# [Task to carry out]
Please set down word for word every line from the one holding "adidas Adizero Prime Sp 2" to the end of the data below, both included.

# [Provided entries]
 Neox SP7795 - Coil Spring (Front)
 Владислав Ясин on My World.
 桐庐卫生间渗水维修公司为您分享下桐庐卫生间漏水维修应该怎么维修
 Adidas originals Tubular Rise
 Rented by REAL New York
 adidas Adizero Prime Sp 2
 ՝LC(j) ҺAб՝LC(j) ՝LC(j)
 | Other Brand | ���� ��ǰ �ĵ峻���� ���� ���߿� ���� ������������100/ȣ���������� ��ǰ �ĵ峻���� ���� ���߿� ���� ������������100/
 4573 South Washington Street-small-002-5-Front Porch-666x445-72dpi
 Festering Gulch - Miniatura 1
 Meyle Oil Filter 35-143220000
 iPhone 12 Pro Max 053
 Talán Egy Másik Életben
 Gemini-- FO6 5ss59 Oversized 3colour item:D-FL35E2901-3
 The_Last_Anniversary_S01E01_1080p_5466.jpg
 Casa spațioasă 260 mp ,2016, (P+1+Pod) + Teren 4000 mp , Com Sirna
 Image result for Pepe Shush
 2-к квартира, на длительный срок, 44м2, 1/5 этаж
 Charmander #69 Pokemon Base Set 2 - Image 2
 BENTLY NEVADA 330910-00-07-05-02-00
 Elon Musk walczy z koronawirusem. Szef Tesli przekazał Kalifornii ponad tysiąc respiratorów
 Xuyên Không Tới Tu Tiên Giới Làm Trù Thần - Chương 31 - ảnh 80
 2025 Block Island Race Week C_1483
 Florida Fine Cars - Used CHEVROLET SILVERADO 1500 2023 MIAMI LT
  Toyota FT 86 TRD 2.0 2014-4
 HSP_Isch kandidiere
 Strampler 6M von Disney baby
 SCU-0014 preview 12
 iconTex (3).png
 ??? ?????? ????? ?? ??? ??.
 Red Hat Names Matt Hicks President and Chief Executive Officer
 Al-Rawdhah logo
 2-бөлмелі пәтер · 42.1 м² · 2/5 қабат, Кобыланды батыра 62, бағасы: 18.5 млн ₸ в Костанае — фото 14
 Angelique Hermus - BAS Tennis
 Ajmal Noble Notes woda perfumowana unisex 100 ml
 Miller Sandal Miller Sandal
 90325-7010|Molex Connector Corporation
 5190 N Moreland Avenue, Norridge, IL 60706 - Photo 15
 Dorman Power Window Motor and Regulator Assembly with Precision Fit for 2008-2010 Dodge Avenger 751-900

# [Exercise output]
 adidas Adizero Prime Sp 2
 ՝LC(j) ҺAб՝LC(j) ՝LC(j)
 | Other Brand | ���� ��ǰ �ĵ峻���� ���� ���߿� ���� ������������100/ȣ���������� ��ǰ �ĵ峻���� ���� ���߿� ���� ������������100/
 4573 South Washington Street-small-002-5-Front Porch-666x445-72dpi
 Festering Gulch - Miniatura 1
 Meyle Oil Filter 35-143220000
 iPhone 12 Pro Max 053
 Talán Egy Másik Életben
 Gemini-- FO6 5ss59 Oversized 3colour item:D-FL35E2901-3
 The_Last_Anniversary_S01E01_1080p_5466.jpg
 Casa spațioasă 260 mp ,2016, (P+1+Pod) + Teren 4000 mp , Com Sirna
 Image result for Pepe Shush
 2-к квартира, на длительный срок, 44м2, 1/5 этаж
 Charmander #69 Pokemon Base Set 2 - Image 2
 BENTLY NEVADA 330910-00-07-05-02-00
 Elon Musk walczy z koronawirusem. Szef Tesli przekazał Kalifornii ponad tysiąc respiratorów
 Xuyên Không Tới Tu Tiên Giới Làm Trù Thần - Chương 31 - ảnh 80
 2025 Block Island Race Week C_1483
 Florida Fine Cars - Used CHEVROLET SILVERADO 1500 2023 MIAMI LT
  Toyota FT 86 TRD 2.0 2014-4
 HSP_Isch kandidiere
 Strampler 6M von Disney baby
 SCU-0014 preview 12
 iconTex (3).png
 ??? ?????? ????? ?? ??? ??.
 Red Hat Names Matt Hicks President and Chief Executive Officer
 Al-Rawdhah logo
 2-бөлмелі пәтер · 42.1 м² · 2/5 қабат, Кобыланды батыра 62, бағасы: 18.5 млн ₸ в Костанае — фото 14
 Angelique Hermus - BAS Tennis
 Ajmal Noble Notes woda perfumowana unisex 100 ml
 Miller Sandal Miller Sandal
 90325-7010|Molex Connector Corporation
 5190 N Moreland Avenue, Norridge, IL 60706 - Photo 15
 Dorman Power Window Motor and Regulator Assembly with Precision Fit for 2008-2010 Dodge Avenger 751-900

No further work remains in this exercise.